Para ela, as novas evidências devem servir também para a formação dos educadores e para repensar a estrutura de centros de Educação Infantil e berçários. “Infelizmente, ainda não existe uma lei que torne obrigatória a aceitação de leite materno nas escolas. É urgente”, afirma Simone, explicando que não se trata de um processo simples, pois é preciso treinamento para assegurar higiene na ordenha, recebimento, condicionamento e oferta do leite ao bebê.
Advogada especializada em direitos reprodutivos e doula, Priscila Cavalcanti acha que há alguns avanços na sociedade por causa da percepção maior dos benefícios da amamentação. Ela cita como exemplo a lei aprovada em abril, em São Paulo, que multa estabelecimentos ou pessoas que dificultarem a amamentação em público. “Foi um passo importante para evitar constrangimento das mães”, diz.

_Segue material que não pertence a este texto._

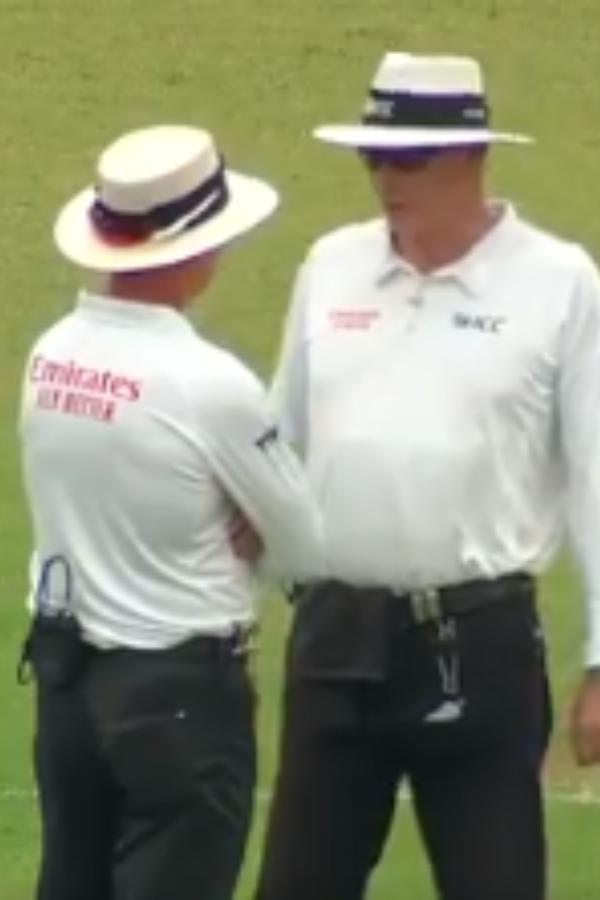 মাঠে থাকা আম্পায়ারেরা সিদ্ধান্ত নিতে পারেননি। তাঁরা তৃতীয় আম্পায়ারের কাছে সিদ্ধান্ত নিতে পাঠান। তৃতীয় আম্পায়ার আহসান রাজা মুশফিকুরকে আউট দেওয়ার সিদ্ধান্ত নেন।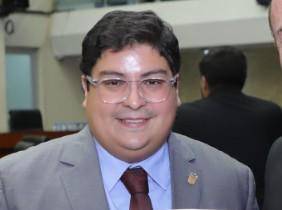 Agua, luz e internet entran al debate de la Asamblea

Priscila também afirma não se surpreender com a ligação entre mamar no peito e resultados melhores em inteligência e escolaridade. “Sabe-se, por exemplo, que influencia na formação da boca e depois no desenvolvimento da linguagem. Isso já ajuda tanto na alfabetização quanto na facilidade de se expressar”, afirma.
Horta espera que as constatações ajudem a melhorar políticas públicas para a maternidade. Segundo ele, o Ministério da Saúde, Fundação das Nações Unidas para a Infância e Organização Mundial da Saúde já foram formalmente informadas e pediram mais dados sobre a pesquisa. Em sua opinião, a prioridade do Brasil deveria ser aumentar a licença maternidade obrigatória. “A mãe ficar menos de seis meses com o seu bebê é um absurdo cada vez maior. A sociedade como um todo perde a chance de ter um indivíduo com mais chances de desenvolvimento logo na partida”, comenta.
O mesmo grupo de cientistas de Pelotas acompanha também nascidos em 1993 e 2004 com questionários similares, porém mais atualizados. A pesquisa que iniciou nos anos 1980, por exemplo, não fazia distinção entre mamar apenas no peito ou em complemento ao leite de fórmula. Os nascidos em 2015 também estão sendo cadastrados para pesquisas futuras.